→ **SOURCE INFORMATION**:
++++++++++++++++++++
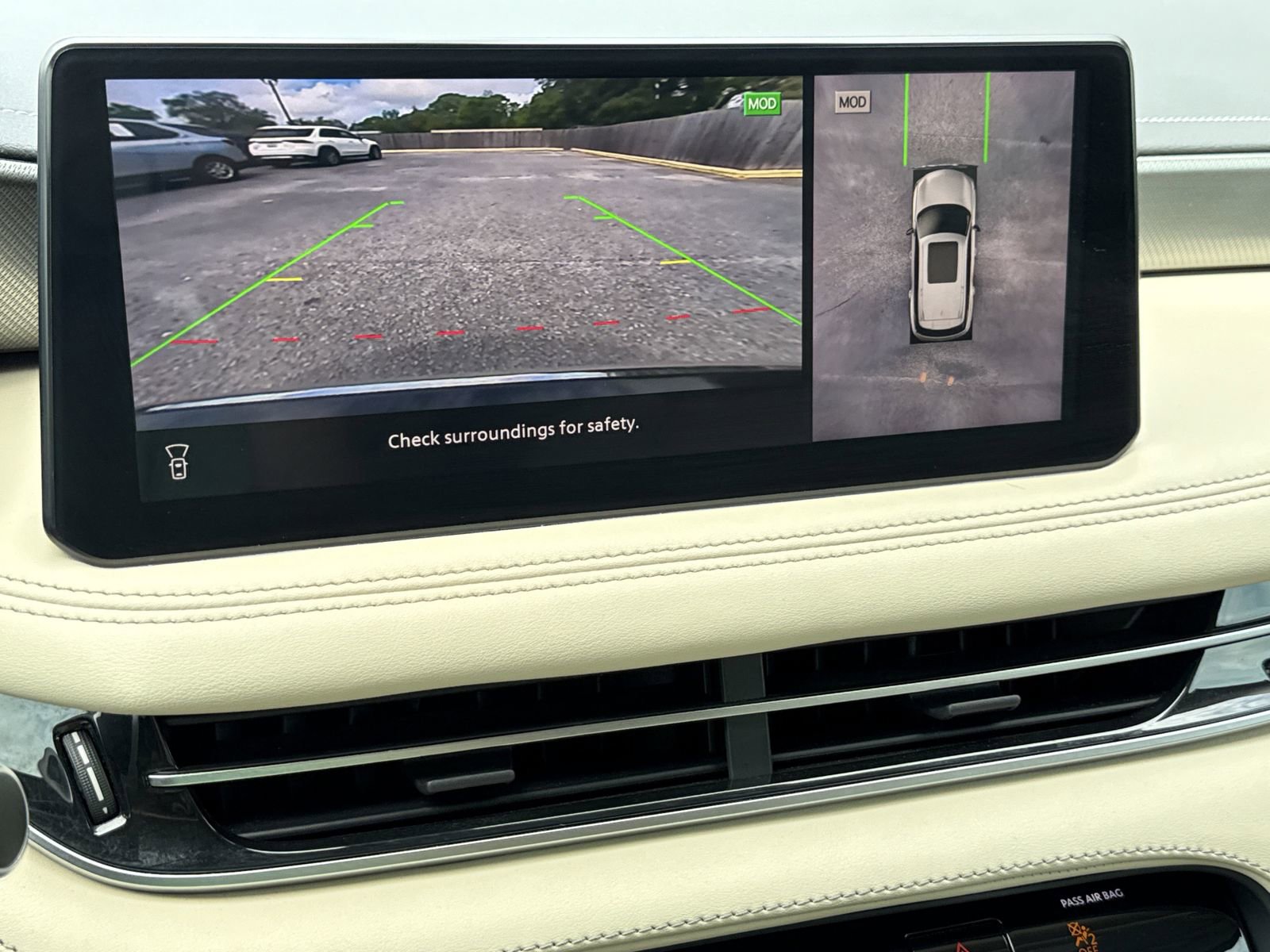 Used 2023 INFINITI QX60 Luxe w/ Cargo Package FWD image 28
++++++++++++++++++++
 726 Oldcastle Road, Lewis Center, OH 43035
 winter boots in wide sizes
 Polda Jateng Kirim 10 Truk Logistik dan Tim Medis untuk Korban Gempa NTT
++++++++++++++++++++
→ **PROBLEM STATEMENT**:
Using the data above, reproduce exactly the lines from the line that contains "726 Oldcastle Road, Lewis Center, OH 43035" through the line that contains "Polda Jateng Kirim", including both.

→ **RESPONSE AREA**:
 726 Oldcastle Road, Lewis Center, OH 43035
 winter boots in wide sizes
 Polda Jateng Kirim 10 Truk Logistik dan Tim Medis untuk Korban Gempa NTT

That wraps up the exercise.